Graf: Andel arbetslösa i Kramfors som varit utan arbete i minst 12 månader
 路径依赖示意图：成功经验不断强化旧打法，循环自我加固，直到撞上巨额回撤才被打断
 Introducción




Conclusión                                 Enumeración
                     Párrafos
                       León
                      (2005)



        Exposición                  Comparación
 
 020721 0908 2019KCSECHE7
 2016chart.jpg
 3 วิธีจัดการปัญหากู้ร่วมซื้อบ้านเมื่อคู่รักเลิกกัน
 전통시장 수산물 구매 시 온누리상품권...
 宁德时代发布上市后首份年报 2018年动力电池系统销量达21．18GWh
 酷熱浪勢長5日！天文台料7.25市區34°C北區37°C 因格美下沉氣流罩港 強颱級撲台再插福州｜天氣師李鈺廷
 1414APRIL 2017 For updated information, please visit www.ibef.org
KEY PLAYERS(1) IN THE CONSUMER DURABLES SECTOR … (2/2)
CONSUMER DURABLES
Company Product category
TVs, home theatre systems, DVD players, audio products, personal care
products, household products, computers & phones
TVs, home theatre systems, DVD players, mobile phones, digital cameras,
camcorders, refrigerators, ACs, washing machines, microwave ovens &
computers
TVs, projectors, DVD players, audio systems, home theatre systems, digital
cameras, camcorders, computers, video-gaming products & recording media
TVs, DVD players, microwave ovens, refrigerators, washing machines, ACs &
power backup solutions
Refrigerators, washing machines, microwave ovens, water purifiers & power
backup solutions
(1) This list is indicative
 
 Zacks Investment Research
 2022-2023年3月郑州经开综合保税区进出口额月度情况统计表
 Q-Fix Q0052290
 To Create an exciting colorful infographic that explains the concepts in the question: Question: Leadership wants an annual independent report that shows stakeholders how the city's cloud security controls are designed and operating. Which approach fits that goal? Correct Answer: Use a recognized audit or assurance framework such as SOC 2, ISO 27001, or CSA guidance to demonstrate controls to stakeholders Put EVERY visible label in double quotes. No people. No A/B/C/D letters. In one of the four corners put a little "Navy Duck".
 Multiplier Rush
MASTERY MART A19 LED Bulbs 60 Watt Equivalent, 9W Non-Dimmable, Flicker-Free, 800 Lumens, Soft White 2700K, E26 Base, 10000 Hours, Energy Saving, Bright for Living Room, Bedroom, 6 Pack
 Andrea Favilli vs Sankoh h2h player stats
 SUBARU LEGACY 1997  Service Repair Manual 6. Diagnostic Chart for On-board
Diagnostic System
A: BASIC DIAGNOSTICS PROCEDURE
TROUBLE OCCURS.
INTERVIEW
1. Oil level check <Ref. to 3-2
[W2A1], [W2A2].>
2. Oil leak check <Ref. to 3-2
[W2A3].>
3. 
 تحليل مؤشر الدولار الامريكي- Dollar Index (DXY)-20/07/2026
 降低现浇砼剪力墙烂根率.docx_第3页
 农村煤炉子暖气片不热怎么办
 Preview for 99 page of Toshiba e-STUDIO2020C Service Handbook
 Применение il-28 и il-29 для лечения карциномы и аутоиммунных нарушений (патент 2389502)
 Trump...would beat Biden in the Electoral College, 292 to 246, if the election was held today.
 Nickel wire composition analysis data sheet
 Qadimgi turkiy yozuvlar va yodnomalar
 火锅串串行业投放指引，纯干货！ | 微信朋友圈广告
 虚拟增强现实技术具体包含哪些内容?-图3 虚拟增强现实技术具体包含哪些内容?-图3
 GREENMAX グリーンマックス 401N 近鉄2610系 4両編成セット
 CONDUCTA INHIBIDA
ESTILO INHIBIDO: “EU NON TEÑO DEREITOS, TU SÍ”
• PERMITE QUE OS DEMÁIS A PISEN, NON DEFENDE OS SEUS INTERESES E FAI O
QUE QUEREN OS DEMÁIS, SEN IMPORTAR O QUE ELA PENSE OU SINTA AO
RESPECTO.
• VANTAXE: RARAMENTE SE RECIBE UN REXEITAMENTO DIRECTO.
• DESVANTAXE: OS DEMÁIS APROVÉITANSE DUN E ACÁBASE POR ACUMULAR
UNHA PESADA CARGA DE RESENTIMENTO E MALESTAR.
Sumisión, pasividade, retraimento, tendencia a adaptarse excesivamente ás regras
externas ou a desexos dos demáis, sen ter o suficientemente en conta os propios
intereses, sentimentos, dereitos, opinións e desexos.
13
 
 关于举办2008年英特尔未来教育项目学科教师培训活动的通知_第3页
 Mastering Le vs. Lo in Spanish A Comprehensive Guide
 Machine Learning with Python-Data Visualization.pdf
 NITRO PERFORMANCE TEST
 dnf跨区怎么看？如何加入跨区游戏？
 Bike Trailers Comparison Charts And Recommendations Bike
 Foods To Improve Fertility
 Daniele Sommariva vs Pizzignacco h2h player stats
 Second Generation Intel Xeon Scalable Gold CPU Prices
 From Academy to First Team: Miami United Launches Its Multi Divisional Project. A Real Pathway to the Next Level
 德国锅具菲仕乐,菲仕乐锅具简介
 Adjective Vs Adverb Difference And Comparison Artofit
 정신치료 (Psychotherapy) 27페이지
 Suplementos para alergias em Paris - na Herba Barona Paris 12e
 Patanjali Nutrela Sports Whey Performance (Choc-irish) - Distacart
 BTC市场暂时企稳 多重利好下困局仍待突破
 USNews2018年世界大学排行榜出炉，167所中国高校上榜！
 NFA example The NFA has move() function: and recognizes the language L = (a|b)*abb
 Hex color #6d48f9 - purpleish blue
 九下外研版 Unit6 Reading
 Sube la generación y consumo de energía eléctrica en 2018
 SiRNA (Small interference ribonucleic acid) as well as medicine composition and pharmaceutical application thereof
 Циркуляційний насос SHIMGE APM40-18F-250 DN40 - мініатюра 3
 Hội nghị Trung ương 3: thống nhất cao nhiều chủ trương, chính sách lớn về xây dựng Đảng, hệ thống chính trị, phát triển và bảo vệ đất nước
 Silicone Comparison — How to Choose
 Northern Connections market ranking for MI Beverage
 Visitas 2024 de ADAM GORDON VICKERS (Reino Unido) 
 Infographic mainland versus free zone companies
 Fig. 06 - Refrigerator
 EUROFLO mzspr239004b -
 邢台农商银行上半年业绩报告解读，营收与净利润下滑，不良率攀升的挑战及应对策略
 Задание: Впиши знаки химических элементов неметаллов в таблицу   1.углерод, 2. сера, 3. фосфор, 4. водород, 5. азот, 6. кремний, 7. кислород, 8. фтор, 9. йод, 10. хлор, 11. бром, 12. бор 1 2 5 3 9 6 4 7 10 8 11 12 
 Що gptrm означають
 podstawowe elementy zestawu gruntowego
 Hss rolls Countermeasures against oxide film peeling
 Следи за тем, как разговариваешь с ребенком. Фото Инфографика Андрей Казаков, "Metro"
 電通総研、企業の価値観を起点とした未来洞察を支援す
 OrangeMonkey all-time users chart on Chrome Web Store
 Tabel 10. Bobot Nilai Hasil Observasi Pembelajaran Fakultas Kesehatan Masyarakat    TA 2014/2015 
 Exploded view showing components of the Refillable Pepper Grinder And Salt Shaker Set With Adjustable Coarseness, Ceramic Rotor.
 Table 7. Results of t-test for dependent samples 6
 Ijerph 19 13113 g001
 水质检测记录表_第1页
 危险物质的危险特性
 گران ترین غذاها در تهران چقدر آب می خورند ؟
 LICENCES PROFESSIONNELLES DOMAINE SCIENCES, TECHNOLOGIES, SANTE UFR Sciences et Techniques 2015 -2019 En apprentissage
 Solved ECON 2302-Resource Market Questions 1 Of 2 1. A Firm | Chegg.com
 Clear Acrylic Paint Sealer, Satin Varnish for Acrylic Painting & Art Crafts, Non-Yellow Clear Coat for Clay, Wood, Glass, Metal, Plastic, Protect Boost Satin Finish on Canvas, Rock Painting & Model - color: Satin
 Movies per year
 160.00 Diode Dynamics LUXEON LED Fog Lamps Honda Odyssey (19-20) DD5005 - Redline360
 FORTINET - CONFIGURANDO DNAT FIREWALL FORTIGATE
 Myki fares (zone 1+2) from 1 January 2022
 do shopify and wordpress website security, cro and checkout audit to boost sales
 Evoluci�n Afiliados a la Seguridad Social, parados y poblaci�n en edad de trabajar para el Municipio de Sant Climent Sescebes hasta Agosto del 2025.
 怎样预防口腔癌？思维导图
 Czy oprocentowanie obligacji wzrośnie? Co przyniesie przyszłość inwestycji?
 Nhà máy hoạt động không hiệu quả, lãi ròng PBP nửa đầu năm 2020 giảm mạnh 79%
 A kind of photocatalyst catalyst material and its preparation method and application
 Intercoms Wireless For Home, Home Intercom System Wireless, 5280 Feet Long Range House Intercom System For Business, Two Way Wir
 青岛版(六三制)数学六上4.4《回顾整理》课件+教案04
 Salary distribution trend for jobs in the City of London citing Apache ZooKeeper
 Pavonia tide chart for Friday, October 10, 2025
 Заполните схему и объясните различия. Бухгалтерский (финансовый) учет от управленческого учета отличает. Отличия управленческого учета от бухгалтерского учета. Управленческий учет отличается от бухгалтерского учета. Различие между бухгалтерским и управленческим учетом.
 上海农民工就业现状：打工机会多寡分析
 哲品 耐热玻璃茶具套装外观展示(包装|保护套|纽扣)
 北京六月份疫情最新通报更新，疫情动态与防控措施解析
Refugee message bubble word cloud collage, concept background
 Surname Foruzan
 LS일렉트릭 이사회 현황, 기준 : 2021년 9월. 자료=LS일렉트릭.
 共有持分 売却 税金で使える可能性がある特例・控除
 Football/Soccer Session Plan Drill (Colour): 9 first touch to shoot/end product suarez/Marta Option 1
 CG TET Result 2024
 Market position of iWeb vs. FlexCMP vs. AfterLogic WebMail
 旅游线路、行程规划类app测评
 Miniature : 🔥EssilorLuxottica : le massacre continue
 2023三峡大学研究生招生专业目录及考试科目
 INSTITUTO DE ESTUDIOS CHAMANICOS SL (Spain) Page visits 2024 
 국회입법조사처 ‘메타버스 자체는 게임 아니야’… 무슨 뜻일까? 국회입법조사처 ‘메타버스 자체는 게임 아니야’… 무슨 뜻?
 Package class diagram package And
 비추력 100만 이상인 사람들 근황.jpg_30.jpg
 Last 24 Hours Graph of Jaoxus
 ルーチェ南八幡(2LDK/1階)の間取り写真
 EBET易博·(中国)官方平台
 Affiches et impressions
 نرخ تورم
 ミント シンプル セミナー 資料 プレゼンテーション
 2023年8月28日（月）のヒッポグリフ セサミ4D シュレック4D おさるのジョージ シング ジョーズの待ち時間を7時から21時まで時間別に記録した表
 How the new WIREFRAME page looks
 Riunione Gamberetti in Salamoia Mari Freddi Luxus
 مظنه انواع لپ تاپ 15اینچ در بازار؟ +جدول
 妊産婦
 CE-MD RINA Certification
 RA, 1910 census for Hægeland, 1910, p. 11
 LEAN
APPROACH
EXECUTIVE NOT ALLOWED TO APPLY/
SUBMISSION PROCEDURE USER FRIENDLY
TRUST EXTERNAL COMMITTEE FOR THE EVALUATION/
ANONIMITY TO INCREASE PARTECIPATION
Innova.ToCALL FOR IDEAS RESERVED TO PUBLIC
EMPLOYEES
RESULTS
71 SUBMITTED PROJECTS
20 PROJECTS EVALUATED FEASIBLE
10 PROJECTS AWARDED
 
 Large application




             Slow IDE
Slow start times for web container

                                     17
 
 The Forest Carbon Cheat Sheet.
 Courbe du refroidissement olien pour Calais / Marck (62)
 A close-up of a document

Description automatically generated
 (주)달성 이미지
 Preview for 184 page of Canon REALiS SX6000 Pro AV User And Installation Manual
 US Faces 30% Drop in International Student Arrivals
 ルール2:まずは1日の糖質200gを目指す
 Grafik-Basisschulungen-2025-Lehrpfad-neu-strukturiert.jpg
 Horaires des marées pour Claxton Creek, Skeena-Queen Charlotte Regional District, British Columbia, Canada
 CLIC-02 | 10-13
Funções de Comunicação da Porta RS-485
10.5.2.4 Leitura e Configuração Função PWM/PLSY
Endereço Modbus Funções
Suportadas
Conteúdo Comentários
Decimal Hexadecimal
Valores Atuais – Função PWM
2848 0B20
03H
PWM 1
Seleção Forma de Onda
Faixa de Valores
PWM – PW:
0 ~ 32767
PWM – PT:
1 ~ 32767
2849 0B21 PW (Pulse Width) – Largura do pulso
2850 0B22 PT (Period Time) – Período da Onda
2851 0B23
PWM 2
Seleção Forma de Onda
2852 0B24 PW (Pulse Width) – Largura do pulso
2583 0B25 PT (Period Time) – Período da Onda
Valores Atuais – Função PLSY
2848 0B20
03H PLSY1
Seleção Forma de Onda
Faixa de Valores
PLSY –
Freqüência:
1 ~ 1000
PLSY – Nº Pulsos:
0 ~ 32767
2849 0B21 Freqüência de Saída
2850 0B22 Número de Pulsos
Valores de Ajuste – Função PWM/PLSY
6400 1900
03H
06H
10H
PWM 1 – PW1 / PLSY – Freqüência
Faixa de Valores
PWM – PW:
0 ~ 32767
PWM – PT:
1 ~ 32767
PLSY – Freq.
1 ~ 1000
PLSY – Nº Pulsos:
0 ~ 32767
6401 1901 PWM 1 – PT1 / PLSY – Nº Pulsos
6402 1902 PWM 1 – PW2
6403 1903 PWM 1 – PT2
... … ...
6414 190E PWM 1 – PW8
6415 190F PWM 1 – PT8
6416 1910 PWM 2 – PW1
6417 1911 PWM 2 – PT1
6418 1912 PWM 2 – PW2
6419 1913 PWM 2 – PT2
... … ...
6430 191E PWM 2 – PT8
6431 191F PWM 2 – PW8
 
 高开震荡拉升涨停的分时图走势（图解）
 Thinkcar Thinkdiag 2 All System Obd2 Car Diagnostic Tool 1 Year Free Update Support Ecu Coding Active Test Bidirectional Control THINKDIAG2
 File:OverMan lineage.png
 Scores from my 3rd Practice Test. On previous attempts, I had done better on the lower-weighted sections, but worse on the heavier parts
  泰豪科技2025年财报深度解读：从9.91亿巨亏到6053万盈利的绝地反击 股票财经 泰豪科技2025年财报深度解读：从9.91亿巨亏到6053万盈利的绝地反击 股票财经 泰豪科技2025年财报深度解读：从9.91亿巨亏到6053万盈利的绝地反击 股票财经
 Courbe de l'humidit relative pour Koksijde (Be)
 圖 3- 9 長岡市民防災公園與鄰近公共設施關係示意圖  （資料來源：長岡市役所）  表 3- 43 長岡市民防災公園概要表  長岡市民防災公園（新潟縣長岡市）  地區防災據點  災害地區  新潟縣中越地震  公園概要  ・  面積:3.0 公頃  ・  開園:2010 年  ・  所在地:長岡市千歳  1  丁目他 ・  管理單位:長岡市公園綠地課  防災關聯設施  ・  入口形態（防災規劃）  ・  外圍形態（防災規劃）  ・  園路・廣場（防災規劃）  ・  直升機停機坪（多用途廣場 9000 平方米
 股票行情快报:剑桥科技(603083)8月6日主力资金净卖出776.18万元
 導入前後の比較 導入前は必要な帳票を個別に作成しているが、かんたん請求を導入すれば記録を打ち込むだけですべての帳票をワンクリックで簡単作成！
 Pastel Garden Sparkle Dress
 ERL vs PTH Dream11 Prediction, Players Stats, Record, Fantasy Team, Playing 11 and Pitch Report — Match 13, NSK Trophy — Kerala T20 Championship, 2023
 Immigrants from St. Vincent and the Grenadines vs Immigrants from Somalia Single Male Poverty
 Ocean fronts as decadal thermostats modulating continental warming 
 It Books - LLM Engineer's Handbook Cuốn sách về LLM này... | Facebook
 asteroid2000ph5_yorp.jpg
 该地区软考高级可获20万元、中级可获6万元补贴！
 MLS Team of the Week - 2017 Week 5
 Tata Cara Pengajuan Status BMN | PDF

========

YOUR GOAL
Retype only the stretch of lines above starting at the one with "Solved ECON 2302-Resource" and stopping at the one with "A kind of photocatalyst", exactly as written, with both kept.

TASK ANSWER
 Solved ECON 2302-Resource Market Questions 1 Of 2 1. A Firm | Chegg.com
 Clear Acrylic Paint Sealer, Satin Varnish for Acrylic Painting & Art Crafts, Non-Yellow Clear Coat for Clay, Wood, Glass, Metal, Plastic, Protect Boost Satin Finish on Canvas, Rock Painting & Model - color: Satin
 Movies per year
 160.00 Diode Dynamics LUXEON LED Fog Lamps Honda Odyssey (19-20) DD5005 - Redline360
 FORTINET - CONFIGURANDO DNAT FIREWALL FORTIGATE
 Myki fares (zone 1+2) from 1 January 2022
 do shopify and wordpress website security, cro and checkout audit to boost sales
 Evoluci�n Afiliados a la Seguridad Social, parados y poblaci�n en edad de trabajar para el Municipio de Sant Climent Sescebes hasta Agosto del 2025.
 怎样预防口腔癌？思维导图
 Czy oprocentowanie obligacji wzrośnie? Co przyniesie przyszłość inwestycji?
 Nhà máy hoạt động không hiệu quả, lãi ròng PBP nửa đầu năm 2020 giảm mạnh 79%
 A kind of photocatalyst catalyst material and its preparation method and application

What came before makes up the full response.